____ Data below

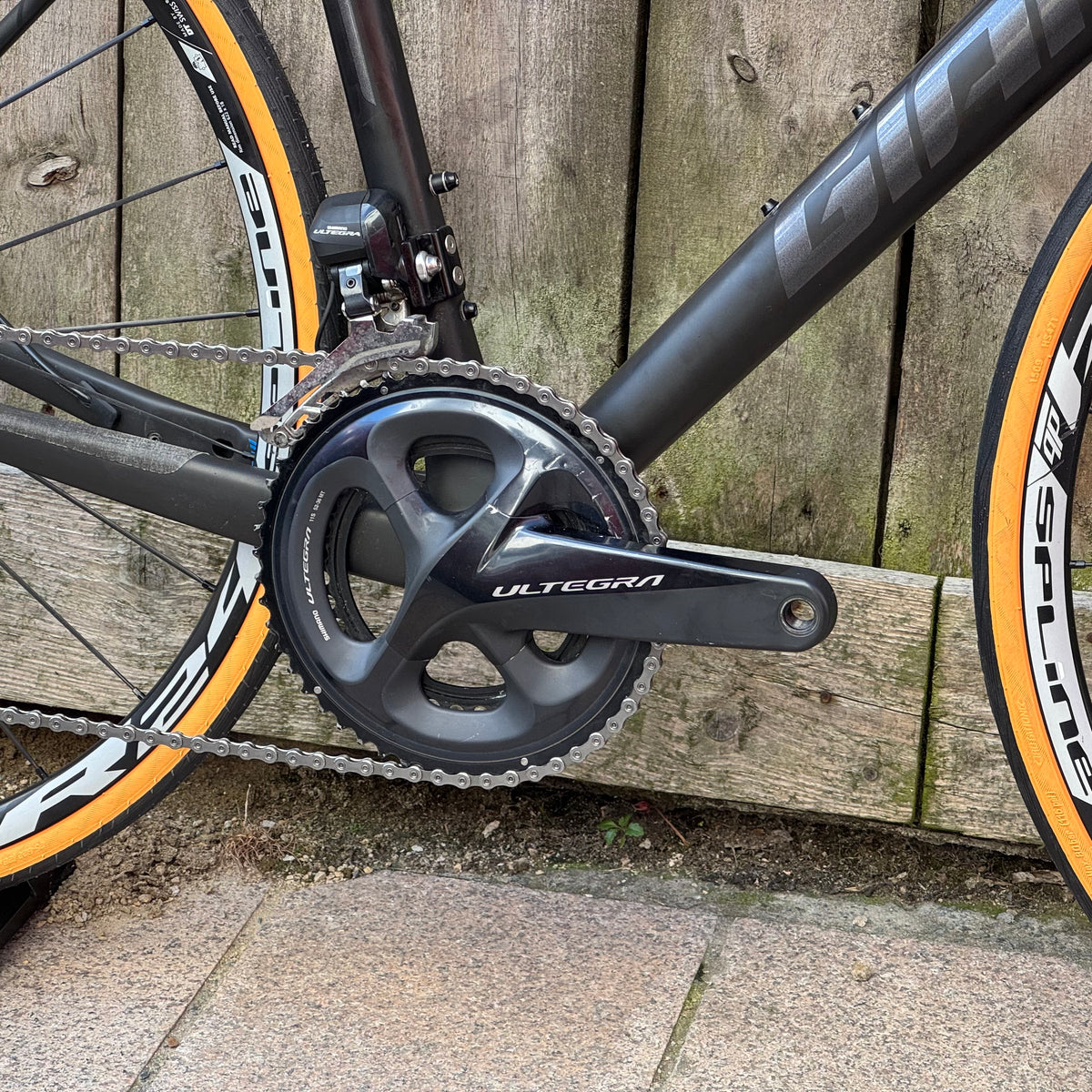 Giant Defy Advanced Pro 0 Disc Full Carbon Road Bike Medium Ultegra Di2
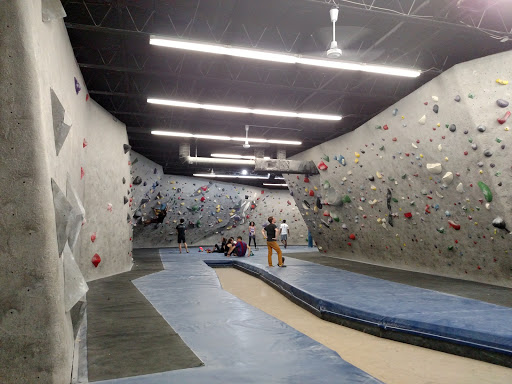 Rock Climbing Gym «Central Rock Gym», reviews and photos, 127 Smith Pl, Cambridge, MA 02138, USA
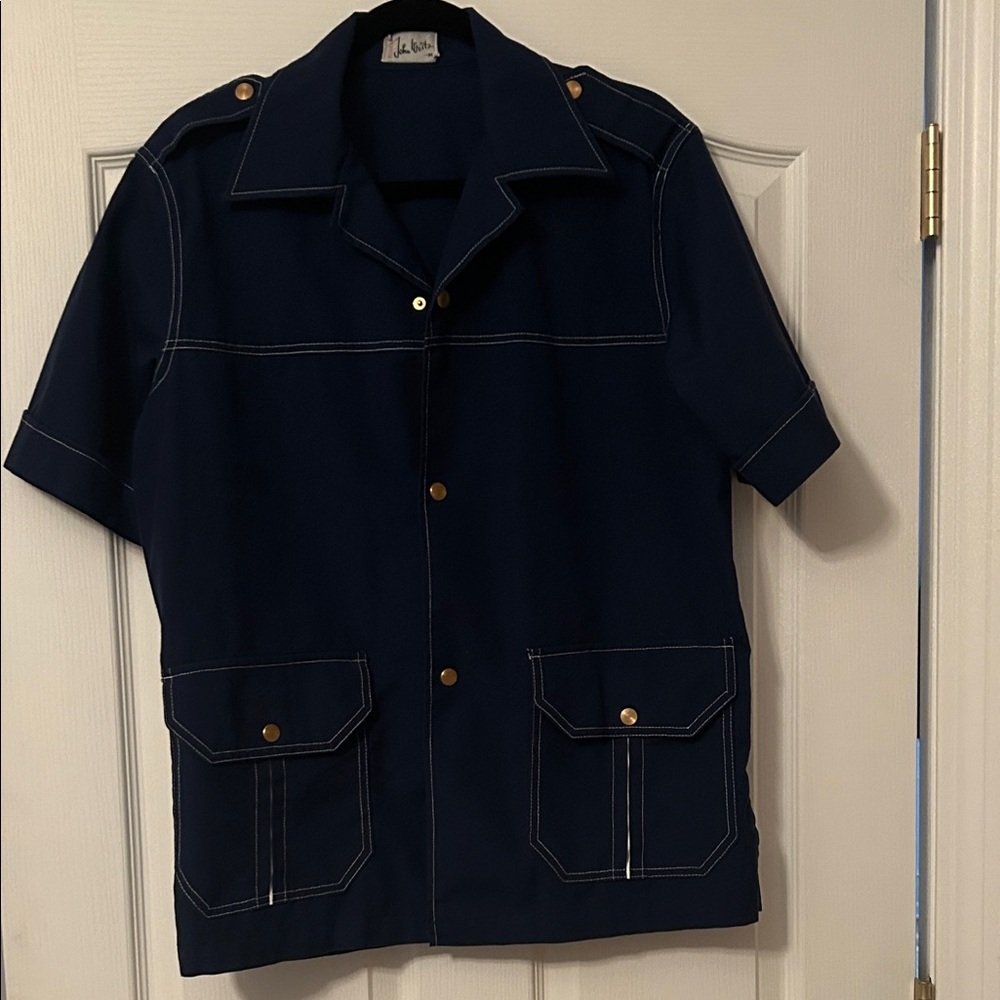 John Weitz Men's Vintage Short Sleeve Shirt size Medium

________

(Work request): Once the pictures have been removed, reproduce each line of the material above exactly.

(Result of this task):
 Giant Defy Advanced Pro 0 Disc Full Carbon Road Bike Medium Ultegra Di2
 Rock Climbing Gym «Central Rock Gym», reviews and photos, 127 Smith Pl, Cambridge, MA 02138, USA
 John Weitz Men's Vintage Short Sleeve Shirt size Medium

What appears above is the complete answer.